Task directions: Please restate, exactly as they appear, only the lines from the one that contains "Three children looking" to the final line of the entries, with no pictures.

========================

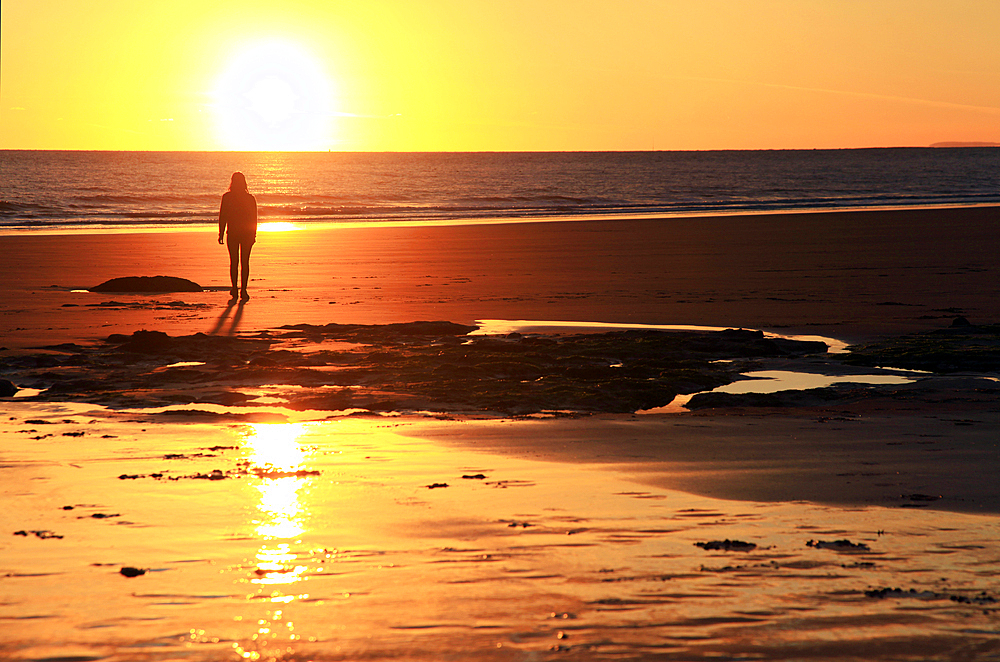 A woman walks on Southerndown beach, Ogmore, South Wales, United Kingdom, Europe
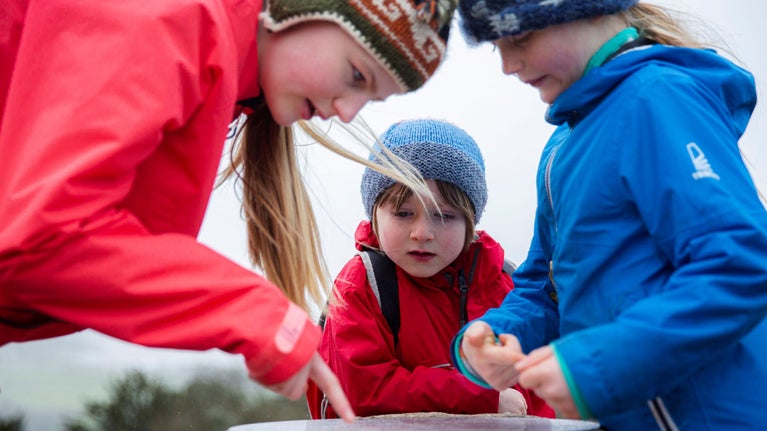 Three children looking at the Pepperpot monument at Arnside and Silverdale. They are all wearing brightly coloured waterproof coats and wooly hats.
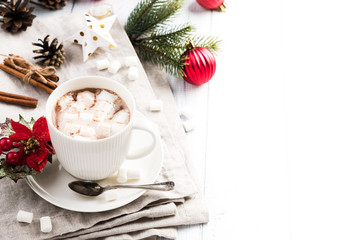 Cup of hot chocolate with marshmallow and cinnamon sticks on the white wooden table. Winter cocoa drink on a napkin, Christmas-tree golden stars and red balls decorations, branches and cones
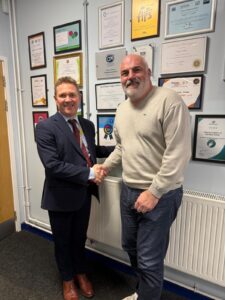 The Bemrose School headteacher Neil Wilkinson with managing director of Derventio Education, Stuart Reece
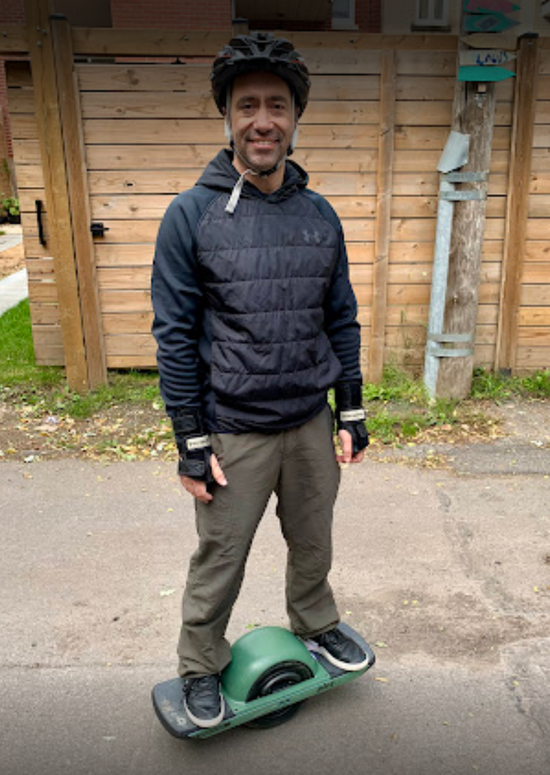 Man Riding on Green Onewheel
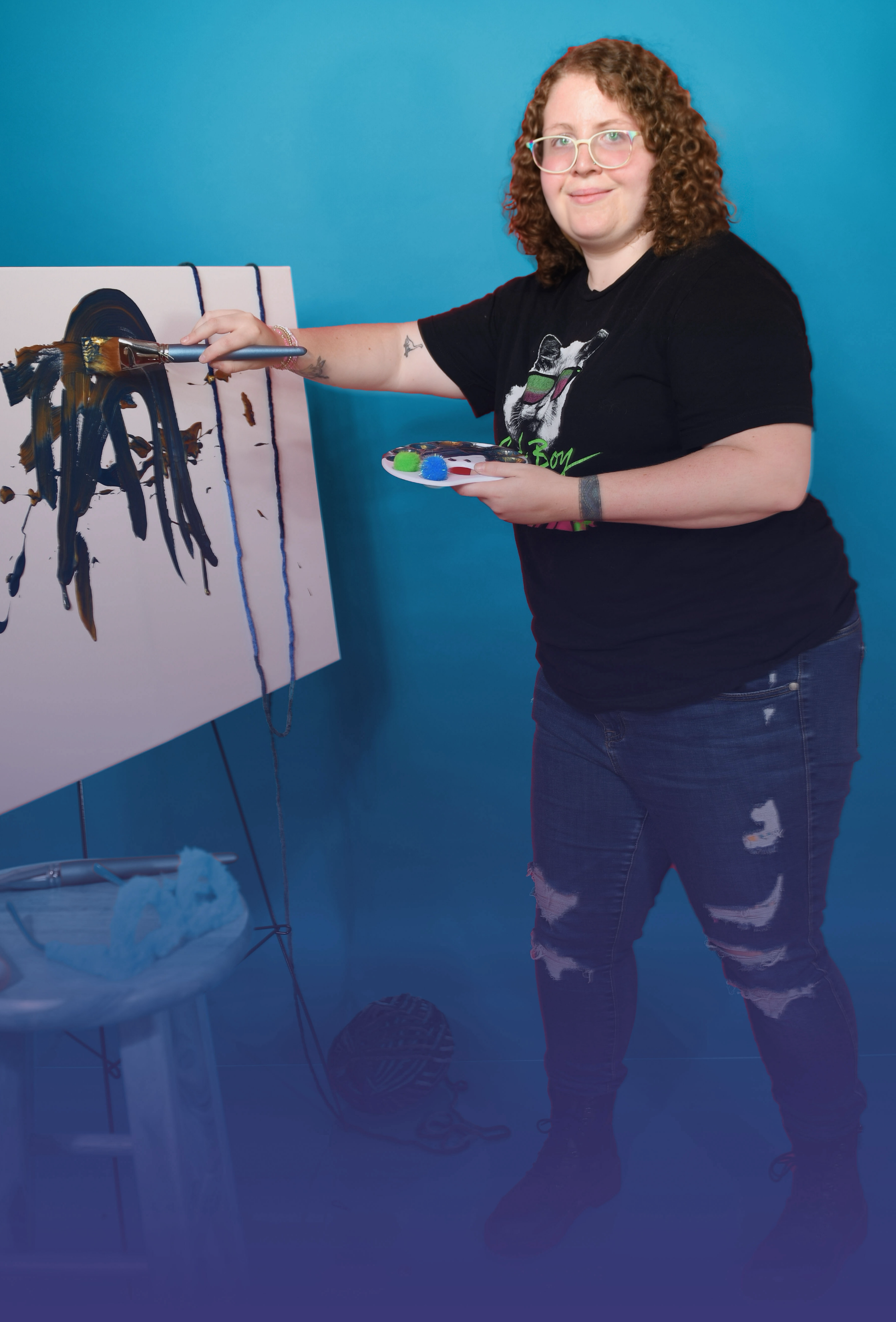 A woman is smiling while standing in the woods.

========================

Reply to the task:
 Three children looking at the Pepperpot monument at Arnside and Silverdale. They are all wearing brightly coloured waterproof coats and wooly hats.
 Cup of hot chocolate with marshmallow and cinnamon sticks on the white wooden table. Winter cocoa drink on a napkin, Christmas-tree golden stars and red balls decorations, branches and cones
 The Bemrose School headteacher Neil Wilkinson with managing director of Derventio Education, Stuart Reece
 Man Riding on Green Onewheel
 A woman is smiling while standing in the woods.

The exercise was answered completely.